I’m not much of a gardener. I have a perhaps superficial interest, but there are

lots of things that I don’t know. In my last parish there was only a very small

strip of grass around the edge of the presbytery, plus a few bushes and trees,

and that suited me fine. I’m glad that in this parish, others have stepped

forward to help me out.


Two Christmases ago I was given an Amaryllis bulb by one of the housebound

parishioners I used to visit. If you don’t know what an Amaryllis is, it’s a plant

that has a bulb, just like a daffodil. The idea was that it comes with its own pot,

already planted, and you take it out of the box and water the bulb in the pot

once a week. After a while it produces a few long leaves, and then you get a

few flowers. If you’re not careful, one day you come back home only to find

the plant has fallen over. Since I was moving parish and trying to cut down on

what I took with me, I left the plant behind, but I harvested some of the seeds

from the flowers.


When I got here I discovered that you should plant the seeds within about three

weeks, and I’d now left them for a good while longer than that. But I used

some of the home-made compost in the garden to fill two large pots and put a

good few seeds in each one. Some of them started to grow. Some have died

since, but the ones that have grown I’ve put into separate pots. And then

something else happened. I also had a few tomato plants start to grow, so

someone must have put a few tomatoes into the compost mix. And then, more

recently, in the pots where the tomato plants are, a month or two later, another

two tomato plants have started to grow (plus another round of weeds).

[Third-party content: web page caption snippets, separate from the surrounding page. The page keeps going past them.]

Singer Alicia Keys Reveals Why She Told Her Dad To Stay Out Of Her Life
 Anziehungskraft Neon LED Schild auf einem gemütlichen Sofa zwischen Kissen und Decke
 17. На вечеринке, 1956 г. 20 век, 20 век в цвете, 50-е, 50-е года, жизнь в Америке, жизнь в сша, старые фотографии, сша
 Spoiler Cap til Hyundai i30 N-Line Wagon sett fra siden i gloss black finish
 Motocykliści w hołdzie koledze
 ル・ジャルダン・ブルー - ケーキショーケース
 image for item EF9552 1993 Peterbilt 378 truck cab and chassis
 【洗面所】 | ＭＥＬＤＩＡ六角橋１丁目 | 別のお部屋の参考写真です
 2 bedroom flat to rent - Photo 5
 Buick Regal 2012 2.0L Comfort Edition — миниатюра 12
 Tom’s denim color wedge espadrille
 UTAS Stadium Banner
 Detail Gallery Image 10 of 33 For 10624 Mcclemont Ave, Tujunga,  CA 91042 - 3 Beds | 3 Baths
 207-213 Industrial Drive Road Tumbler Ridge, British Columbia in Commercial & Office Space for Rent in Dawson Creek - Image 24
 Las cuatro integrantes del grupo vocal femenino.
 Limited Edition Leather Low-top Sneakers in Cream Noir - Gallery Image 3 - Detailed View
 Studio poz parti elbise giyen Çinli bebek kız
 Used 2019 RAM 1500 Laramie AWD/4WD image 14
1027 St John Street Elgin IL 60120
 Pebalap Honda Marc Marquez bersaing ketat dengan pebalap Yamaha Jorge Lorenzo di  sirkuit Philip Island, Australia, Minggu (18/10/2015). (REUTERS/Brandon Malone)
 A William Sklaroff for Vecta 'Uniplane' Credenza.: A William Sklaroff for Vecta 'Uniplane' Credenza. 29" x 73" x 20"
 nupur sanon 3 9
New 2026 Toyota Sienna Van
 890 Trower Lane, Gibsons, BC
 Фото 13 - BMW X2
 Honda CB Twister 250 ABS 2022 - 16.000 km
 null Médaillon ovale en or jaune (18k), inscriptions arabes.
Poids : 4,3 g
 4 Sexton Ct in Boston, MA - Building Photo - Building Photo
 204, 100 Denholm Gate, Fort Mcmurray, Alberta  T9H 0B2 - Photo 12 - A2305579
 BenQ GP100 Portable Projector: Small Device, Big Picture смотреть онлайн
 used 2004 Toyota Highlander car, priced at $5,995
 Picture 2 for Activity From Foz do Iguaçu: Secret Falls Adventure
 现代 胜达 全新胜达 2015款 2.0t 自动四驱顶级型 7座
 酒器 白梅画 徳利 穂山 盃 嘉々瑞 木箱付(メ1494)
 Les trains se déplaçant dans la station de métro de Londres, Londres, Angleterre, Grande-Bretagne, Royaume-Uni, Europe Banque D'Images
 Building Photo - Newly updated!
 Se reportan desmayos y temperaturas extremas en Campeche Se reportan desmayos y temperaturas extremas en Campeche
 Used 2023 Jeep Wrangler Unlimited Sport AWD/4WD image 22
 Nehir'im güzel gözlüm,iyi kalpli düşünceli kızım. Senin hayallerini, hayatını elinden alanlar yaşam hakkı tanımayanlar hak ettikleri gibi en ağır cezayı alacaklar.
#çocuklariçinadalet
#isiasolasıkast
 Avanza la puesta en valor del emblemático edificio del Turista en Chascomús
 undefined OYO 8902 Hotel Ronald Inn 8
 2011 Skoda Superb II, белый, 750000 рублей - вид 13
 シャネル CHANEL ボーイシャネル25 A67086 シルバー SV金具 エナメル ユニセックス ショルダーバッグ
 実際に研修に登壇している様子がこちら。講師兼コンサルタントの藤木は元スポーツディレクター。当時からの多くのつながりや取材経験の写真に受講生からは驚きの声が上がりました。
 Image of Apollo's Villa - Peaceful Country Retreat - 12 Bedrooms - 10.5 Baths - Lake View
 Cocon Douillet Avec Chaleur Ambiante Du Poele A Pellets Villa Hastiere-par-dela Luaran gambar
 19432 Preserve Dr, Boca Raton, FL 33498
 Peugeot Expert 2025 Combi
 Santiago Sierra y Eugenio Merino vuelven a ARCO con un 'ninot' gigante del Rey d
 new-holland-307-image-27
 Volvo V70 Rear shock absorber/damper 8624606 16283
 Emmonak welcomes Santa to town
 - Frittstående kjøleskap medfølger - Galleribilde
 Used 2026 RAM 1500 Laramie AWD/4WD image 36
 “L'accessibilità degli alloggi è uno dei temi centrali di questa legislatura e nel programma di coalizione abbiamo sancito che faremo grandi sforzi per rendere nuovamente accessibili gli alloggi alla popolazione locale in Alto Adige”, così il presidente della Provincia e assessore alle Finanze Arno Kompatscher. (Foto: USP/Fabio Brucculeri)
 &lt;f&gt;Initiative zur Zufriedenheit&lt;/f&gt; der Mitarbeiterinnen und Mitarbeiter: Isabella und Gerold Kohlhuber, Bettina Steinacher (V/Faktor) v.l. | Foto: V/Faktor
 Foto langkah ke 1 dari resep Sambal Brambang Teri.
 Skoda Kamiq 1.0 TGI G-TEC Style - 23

“This is what the kingdom of God is like. A man throws seed on the land.

Night and day, while he sleeps, when he is awake, the seed is sprouting and

growing; how, he does not know.”


Our parish is a bit like some of my attempts at growing plants. God plants, and

we can be surprised at what grows. And not all the plants grow at the same

rate, or appear at the same time. The Holy Spirit is at work beneath the surface,

and you can’t see what’s going on until the shoots emerge.


A little illustration of this is from the parish where I grew up, St Thomas’ in

Walsall: there was a mother and her son, both grown adults, who became

Catholics, and at one point I spoke to the son and asked him how he became a

Catholic. It turned out that his father was a Catholic, and the parish priest two

or three priests ago used to go to visit him. That was what led to him and his

mother deciding to become Catholics. For the priest at the time, maybe he

didn’t see anything happening. The next priest came and went, and nothing

happened. And then a priest or two later, then they both became Catholics. It

just goes to show that we never know the impact of our ordinary, day-to-day

actions.


From Tuesday to Thursday I was at a hotel in Leamington Spa for a Clergy

Gathering. At the end of the three days, the priest who was part of the

organising committee said that he had had positive responses from the hotel

staff. We hadn’t done anything particularly out of the ordinary, we had just

been ourselves, but the way we had conducted ourselves had been a witness to

the staff. Perhaps seeds have been sown. And I’m sure your lives too are a

witness, without you necessarily being aware of it.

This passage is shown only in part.